Talusia Optima lube approval

12 Jul 2017
Talusia Optima is based on an innovative and new type of chemistry known as Ashfree Neutralising Molecules (ANM)

Talusia Optima is based on an innovative and new type of chemistry known as Ashfree Neutralising Molecules (ANM)

Total Lubmarine’s Talusia Optima lube has now been approved for use by the big three major 2-stroke engine manufacturers.

Talusia Optima has got the go ahead from Winterthur Gas & Diesel (WinGD), Japan Engine Corporation (JEC) and MAN Diesel & Turbo following completion of a successful 8,700-hour sea-trial.

"This was our longest ever trial of a new lube and provides both customers and OEMs with the reassurance that Talusia Optima can be safely used on-board vessels trading for lengthy periods in and out of Emission Control Areas (ECAs),” said Jean-Philippe Roman, technical director, Total Lubmarine.

The sea-trial and comprehensive validation tests were carried out using a combination of Total Lubmarine’s already approved cylinder oils, Talusia LS 25 and Talusia Universal 100.

This allowed for the inspection teams to compare and contrast the performance of the new Talusia Optima product.

The results demonstrated the cleanliness of the engine when used with low and high sulphur fuels in and outside the ECAs and the better efficiency to minimise the liner wear.

Talusia Optima has been designed specifically to facilitate fuel switching when transiting both in and out of ECAs without the need to change lubricants.
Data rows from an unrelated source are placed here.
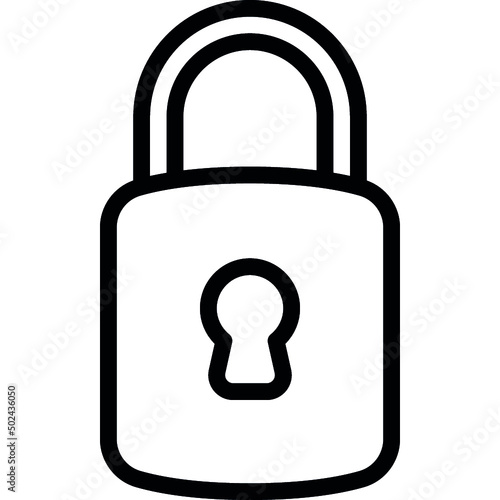 Rounded Lock Icon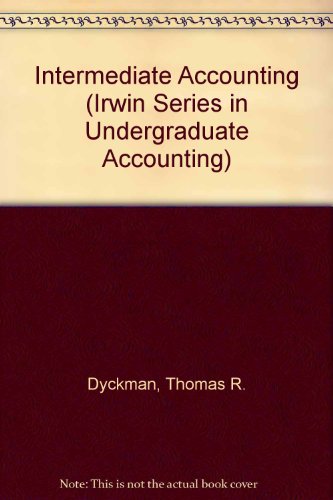 Book Intermediate Accounting (Irwin Series in Undergraduate Accounting) free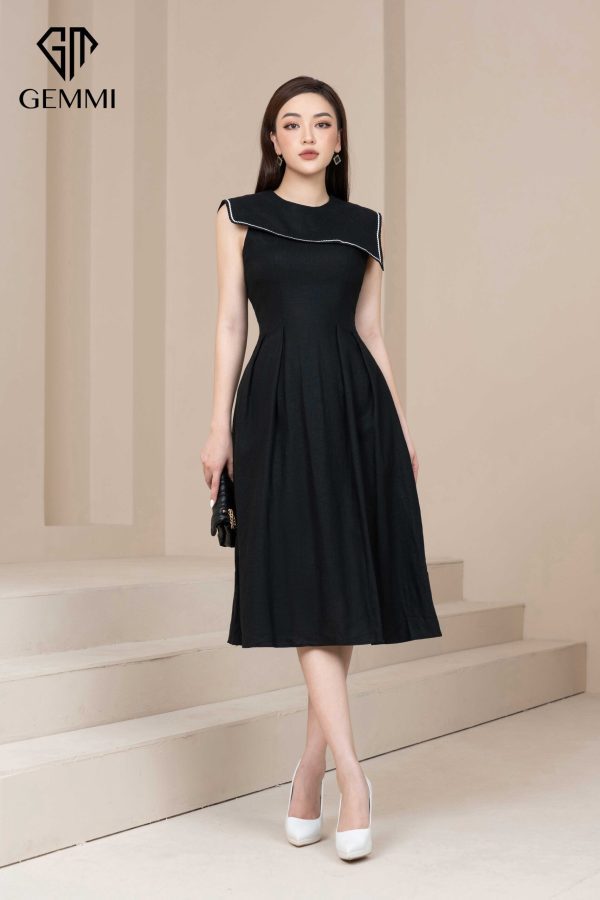 Váy đầm nữ Linen thiết kế dáng xòe Gemmi fashion, DK8471 - Hình ảnh 2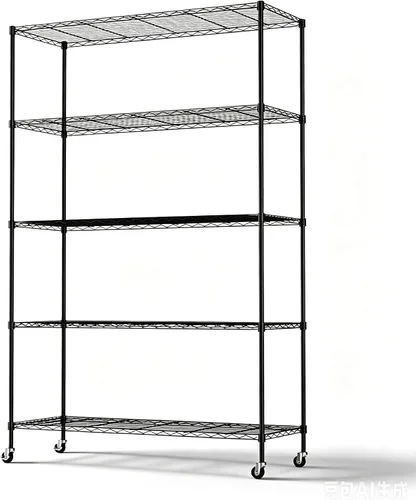Miniatura 11 de VINGLI Estantes de almacenamiento de metal de 3 niveles de 41 pulgadas de alto con ruedas para almacenamiento, estantes de almacenamiento ajustables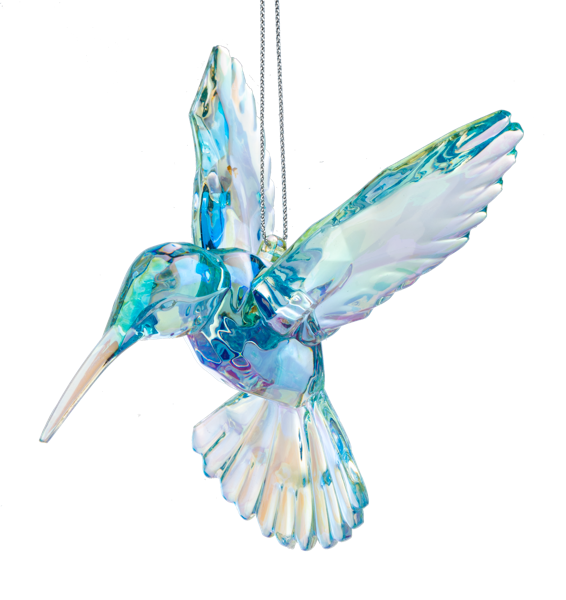 Hummingbird Ornament, Blue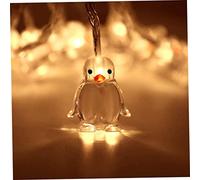 Lawnrden Upgrade Penguin String Lights, Penguin Animal Shape String Lamp 10 LED 1.65M Ambience Decoration for Party, Christmas, Halloween| Animal Lights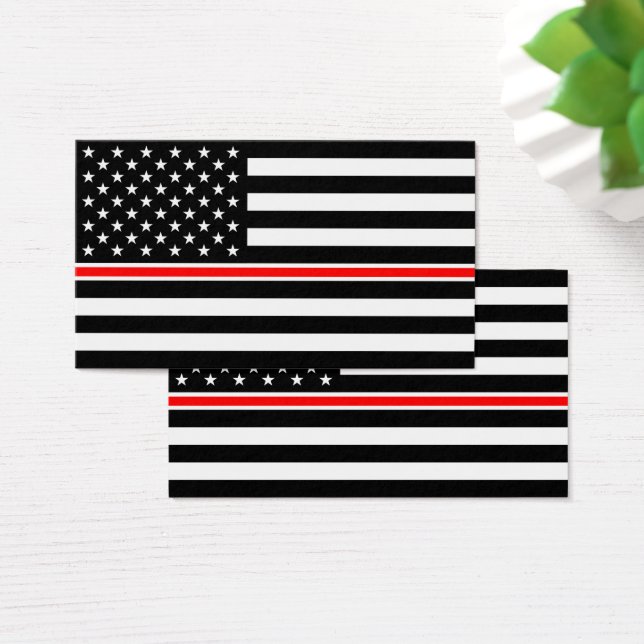 Thin Red Line Flag: Feuerwehrheldengedächtnis (Schreibtisch)
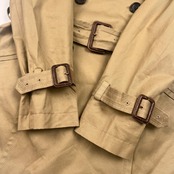 UNITED ARROWS A DAY IN THE LIFE ユナイテッドアローズ 裏ストライプ ベルト付き トレンチコート 38/ベージュ レディース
The lubricant has been designed for use alongside all distillate fuels with a sulphur content of between 0 and 3.5%.

The sea-trials were completed on-board a modern 14,000 teu containership powered by the latest generation fuel-efficient 2-stroke 11S90ME-C mark 10.2 B&W engine, while sailing in and out of ECAs in Europe and Asia.

Talusia Optima is based on an innovative and new type of chemistry known as Ashfree Neutralising Molecules (ANM). The new technology provides effective acid neutralisation, cylinder cleanliness and has the potential to reduce feed rates.